I also have just one comment to share regarding recommendations:

262	   The choice of which Action to use when the NRP Selector could fit in
263	   multiple Actions, is open, but it is RECOMMENDED to use NRPS13 where
264	   possible unless Entropy is also to be carried and it is possible to
265	   use ENSRP20.

I believe NRPS13 is recommended because it has the best encoding efficiency and 13-bits are expected to be sufficient for majority of deployments. Also, ENRPS20 (there is a typo on line 265) gives 8-bit NRPS so it can be used only if that size is suitable AND EL is also needed. Since this document introduces 3 ways of encoding, it would be beneficial if it were to provide some more detailed explanatory text for the benefits of each and then provide the recommendations on that basis. This would help implementers and operators get some convergence on the minimum desired support given that the WG could not reach a consensus on determining one or all to be mandatory to support.

< authors indicated that they would like to stick to the text that came from WG consensus >
Mahesh Jethanandani
(was Discuss) No Objection
Comment (2026-06-09 for -06) Sent
Thanks for addressing my DISCUSS comments.
Mike Bishop
No Objection
Comment (2026-04-28 for -04) Not sent
I support the DISCUSS positions of the other ADs, particularly as regards normative references.
Mohamed Boucadair
(was Discuss) No Objection
Comment (2026-05-04 for -05) Sent
Hi Tony, Pavan, John, Tarek, and Israel,

Thank you for the changes made in -05 [1]; these address all DISCUSS points and many of comments in my previous ballot [2].

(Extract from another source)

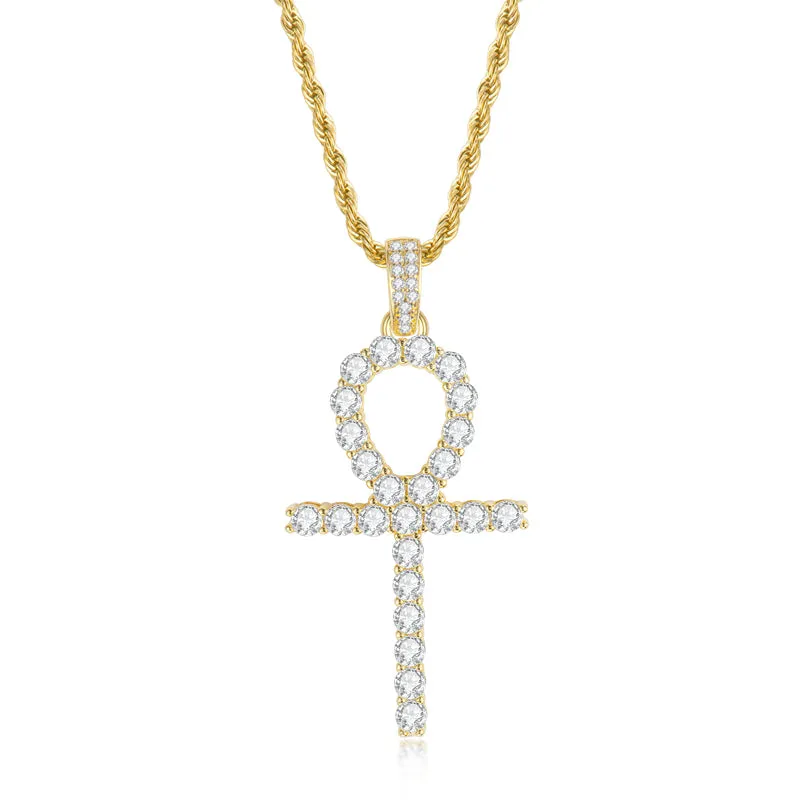 Created Diamond Hip Hop Rope Chain Pendant Necklace 23.62''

I appreciate that the following comments are better addressed in draft-ietf-teas-ns-ip-mpls as draft-ietf-mpls-mna-nrp-selector now depends normatively on draft-ietf-teas-ns-ip-mpls. These considerations can be inherited ** if discussed there **. I think having a sentence early in draft-ietf-mpls-mna-nrp-selector would be useful to set the expectation vs. draft-ietf-teas-ns-ip-mpls.

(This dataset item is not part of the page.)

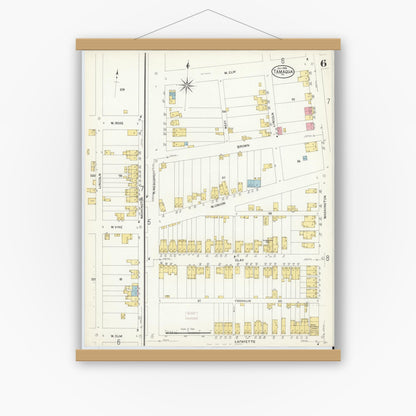 Old map wall art mockup — magnetic wood frame on white wall — Sanborn Fire Insurance Map from Tamaqua, Schuylkill County, Pennsylvania (1908), Sheet #0006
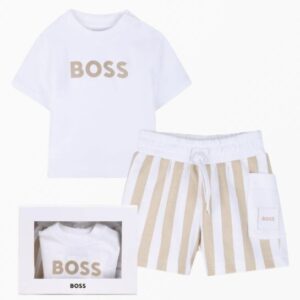 Set con T-shirt e shorts per neonati in confezione regalo bianco/beige (3 mesi - 18 mesi) 95% cotone 5% elastan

** Items that would be resolved in draft-ietf-teas-ns-ip-mpls **

# Missing behavior

Do we allow NRPS remarking/rewriting to take place once progressing in a forwarding path?

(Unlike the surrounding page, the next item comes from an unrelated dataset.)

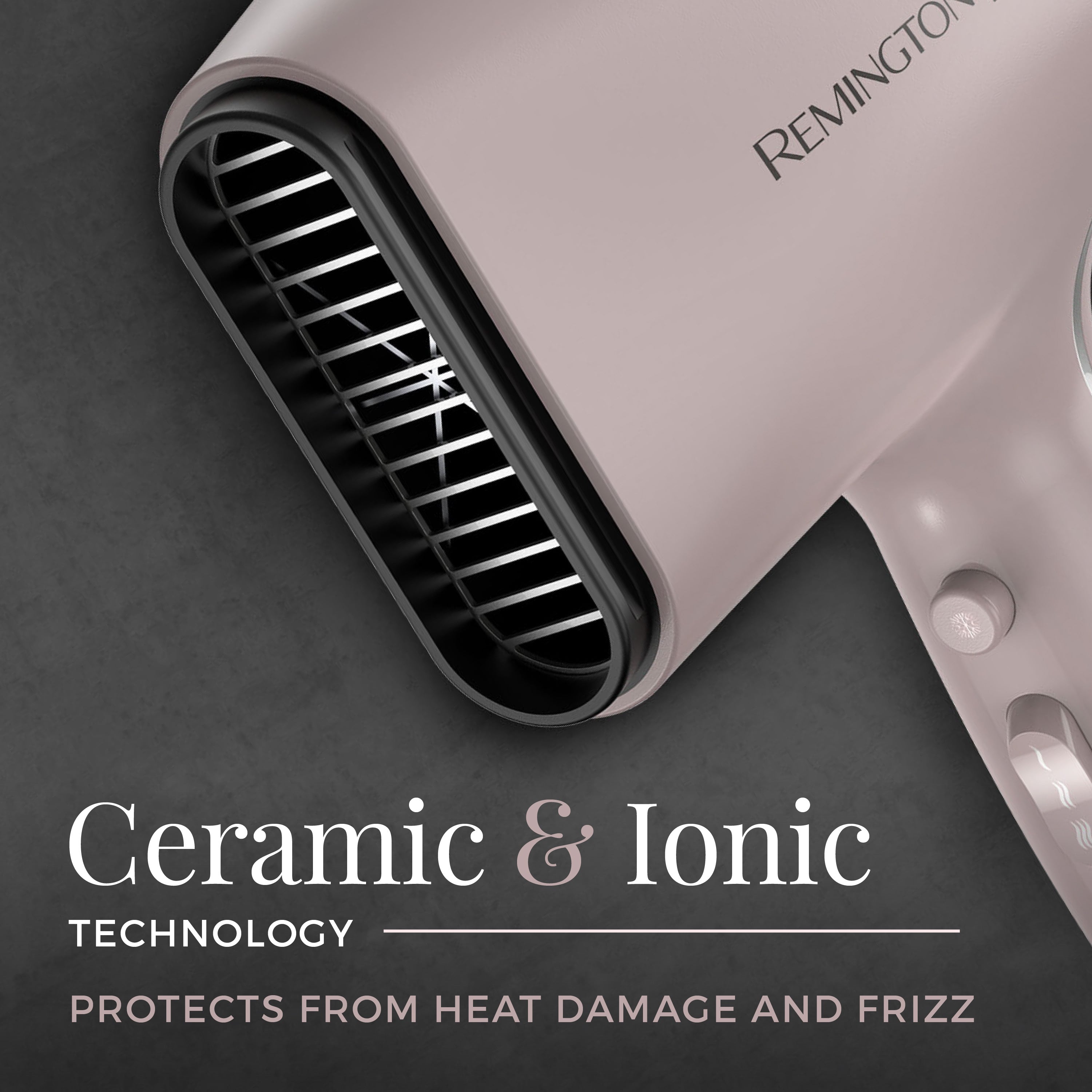 Remington hair dryer with 'Ceramic & Ionic' technology text on a dark background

# Single vs. Multiple NRPs

CURRENT:
   The NRP
   Selector is used to map the packet to the associated NRP and provides
   the corresponding forwarding treatment to the packet.

May be remind that

* Slicing does not require several NRPs

* The mechanism is applicable only when there are multiple NRPs.

## More operational considerations

For example, we do say:

CURRENT:
   An NRP-capable node MUST drop a packet by default if the encoded NRPS
   cannot be mapped to a known NRP.  

### Such events need to be logged/alarm generated (syslog, for example) as this is a symptom that some classification were broken or that local configuration is not updated. Of course, such events should be rate-limited.

### Idem, counters of discarded packets should be maintained.

### There is a need to trace and isolate nodes in the network vs support of a given NRPS.

### We need a discussion about scalability. The use of slide-flow aggregates is a means to optimize state.

Cheers,
Med

[1] https://author-tools.ietf.org/iddiff?url1=draft-ietf-mpls-mna-nrp-selector-04&url2=draft-ietf-mpls-mna-nrp-selector-05&difftype=--html

[2] https://mailarchive.ietf.org/arch/msg/mpls/JA4Qi9yXLz7MaTWYf7AAUAlbErQ/
Roman Danyliw
No Objection
Comment (2026-04-29 for -04) Not sent
Thank you to Vijay Gurbani for the GENART review.

I support the DISCUSS positions of Éric Vyncke, Ketan Talaulikar, Mahesh Jethanandani and Mohamed Boucadair.
Tommy Jensen
No Objection
Comment (2026-04-29 for -04) Sent
I support the existing DISCUSS positions and will not re-iterate any points there.

One minor point: Section 2.3 says:
>      Entropy Label [RFC6790].  While the RFC 6790 Entropy Label has
>      some restrictions to avoid collisions with the reserved label
>      space (0-15) [RFC3032], those restrictions are not necessary for
>      the Entropy Value and do not apply.  The packet carrying the

Why do these restrictions not apply? It isn't obvious (at least to me) and probably warrants either an in-line answer or a reference to another section of the document.